Each record below is to be output unchanged, and any picture is to be dropped.

BEGIN Record excerpts

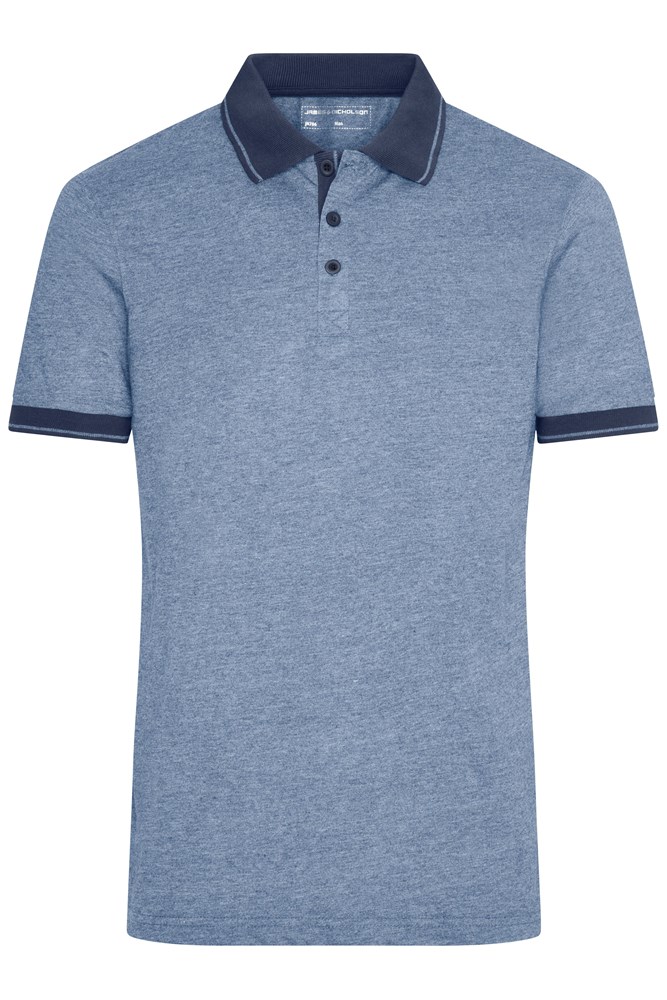 Blue-melange/navy (ca. Pantone 659C
296C)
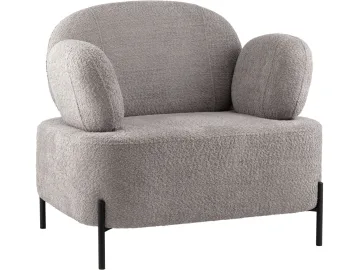 Кресло STOOL GROUP Кэнди Букле светло-серый
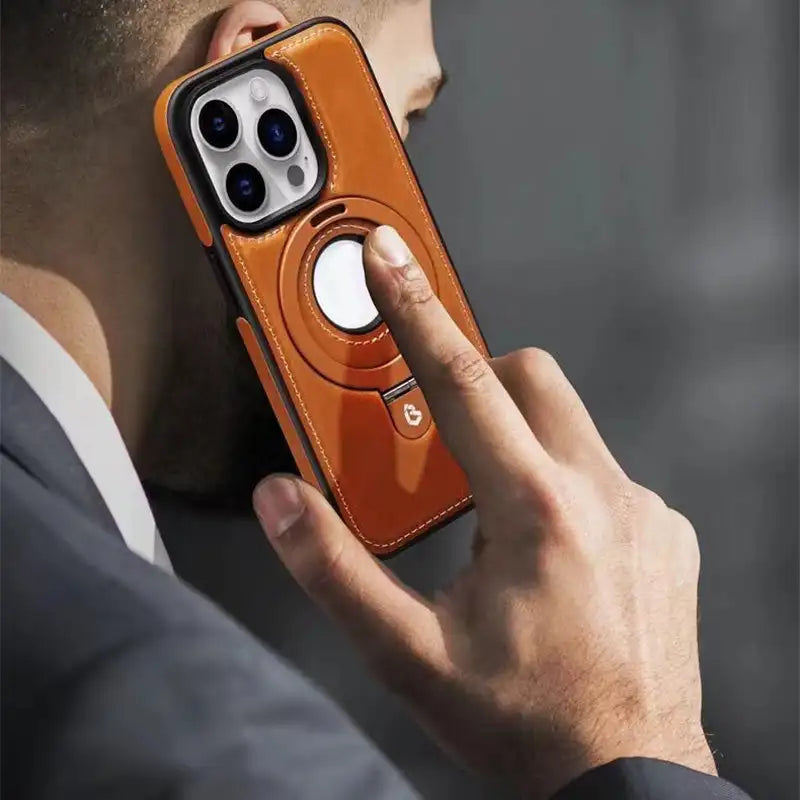 Magnetyczna etui na iPhone z niewidocznym stoiskiem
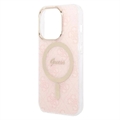 Guess 4G Edition Bundle Pack iPhone 14 Pro Cover & Trådløs Oplader - Pink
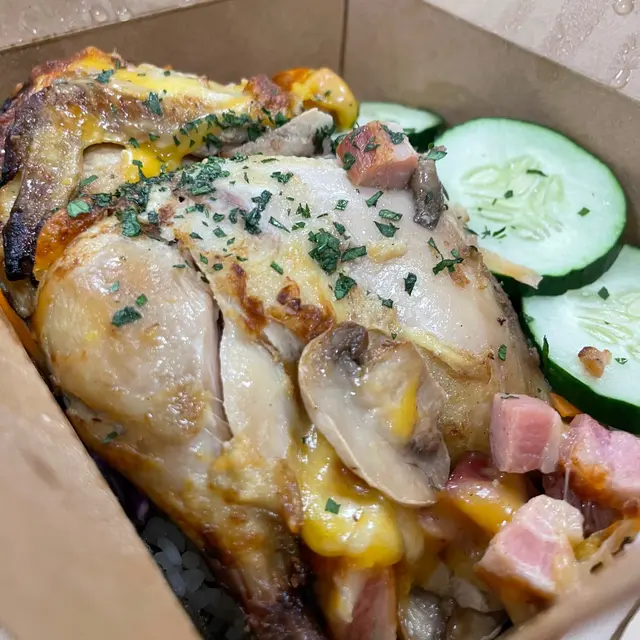 慢煮春雞珍珠飯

END Record excerpts

▶ Your response
 Blue-melange/navy (ca. Pantone 659C
296C)
 Кресло STOOL GROUP Кэнди Букле светло-серый
 Magnetyczna etui na iPhone z niewidocznym stoiskiem
 Guess 4G Edition Bundle Pack iPhone 14 Pro Cover & Trådløs Oplader - Pink
 慢煮春雞珍珠飯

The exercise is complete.